My husband talks in his sleep, but only when he’s dog-tired.
Typically, it’s the kind of unintelligible drabble that
dissipates in a minute or two, followed by soft snoring (I’m sorry honey, did I
say snoring? I meant “breathing”). I’ve been known to talk in my sleep before,
but it hasn’t happened in quite a while (that we know of).
Recently I’ve discovered his subconscious has decided to
take this one-way conversation to the next level. The outcome of this hilarious
turn of events is my newfound appreciation for my husband’s surprisingly
tender-hearted advocacy for fantasy creatures, great and small.
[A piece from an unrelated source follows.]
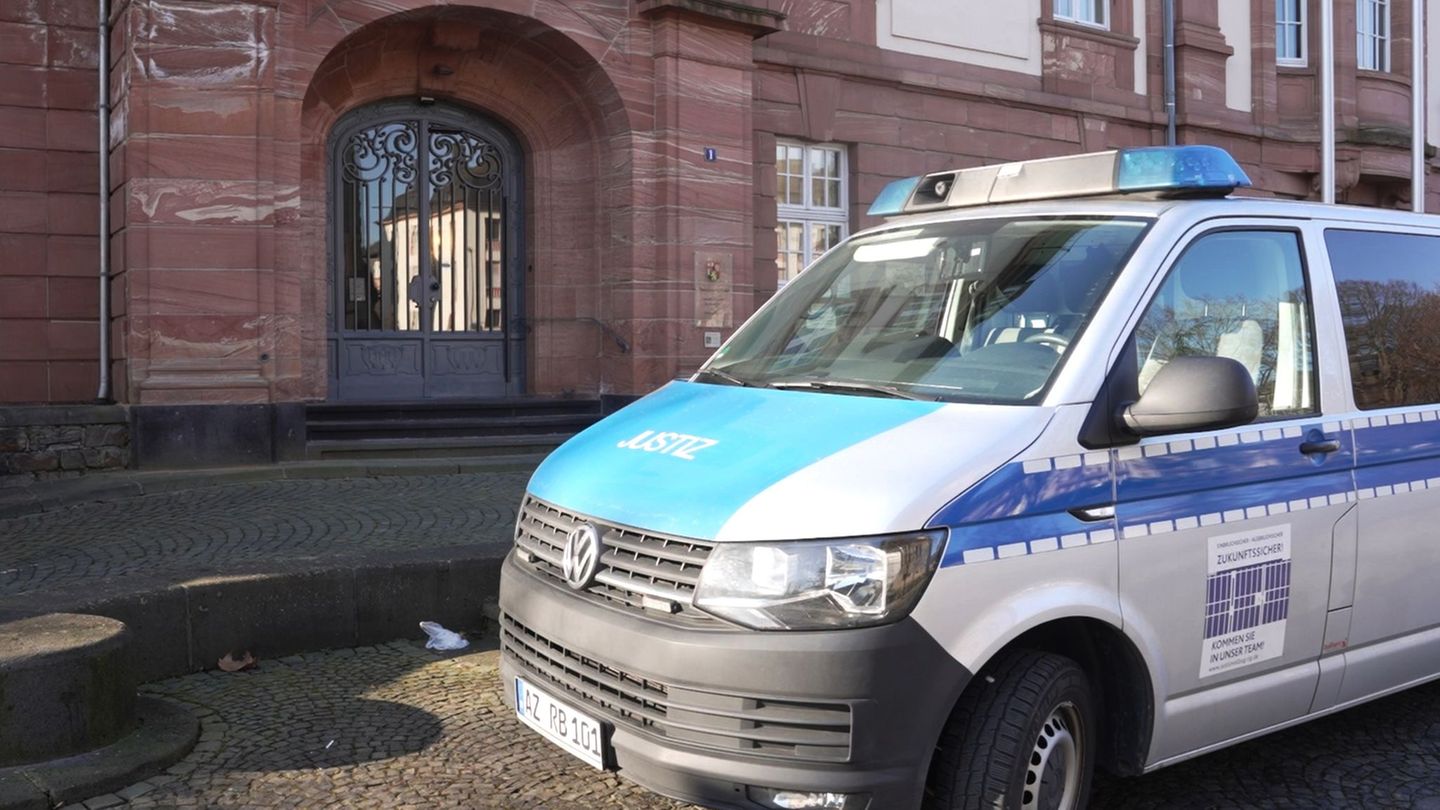 Der Staatsschutzsenat hat das Hauptverfahren gegen vier Männer wegen Kriegsverbrechen in Syrien eröffnet. (Archivbild) Foto: Tho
One night when we were out of town, my husband fell asleep
while watching a movie. I tried to get some sleep myself, but mere moments
after turning out the lights, I heard the quiet, concerned murmurings of my
husband lying next to me:
“Humpty Dumpty….”
“Why can’t they put him back together?”
I opened my eyes, wondering if he was awake. I had my back
turned to him, so it was hard to tell. He repeated the same question, a slur in
his voice:
“Why can’t they fix Humpty Dumpty?”
“Send all the knights and horses…”
I snorted, grabbing the pillow under my head to stifle it.
There was no doubt about it, he was sleep talking. There was a long silence
after that, and I thought it might be the end of it. But then I heard a
sorrowful sigh, and then a voice that dropped an octave to deliver a serious
accusation:
“It was the king.”
I sat up a little, intrigued by this turn of events. It was
like a soap opera in his sleep.
“I think Humpty forgot to bring something to his party, so
that’s why he did it.”
“…the king murdered him.”
I stuffed the entire corner of the pillow into my mouth to
prevent myself from laughing, probably more out of amusement than actual
consideration, if I’m being honest. My body shook, and even though my husband
isn’t a light sleeper, I was surprised it didn’t wake him.
I choked on the pillow Then I laughed again. I
choke-laughed.
“Do you think they’ll serve Humpty at his funeral?”
-Pause-
“Because I think that would be inappropriate.”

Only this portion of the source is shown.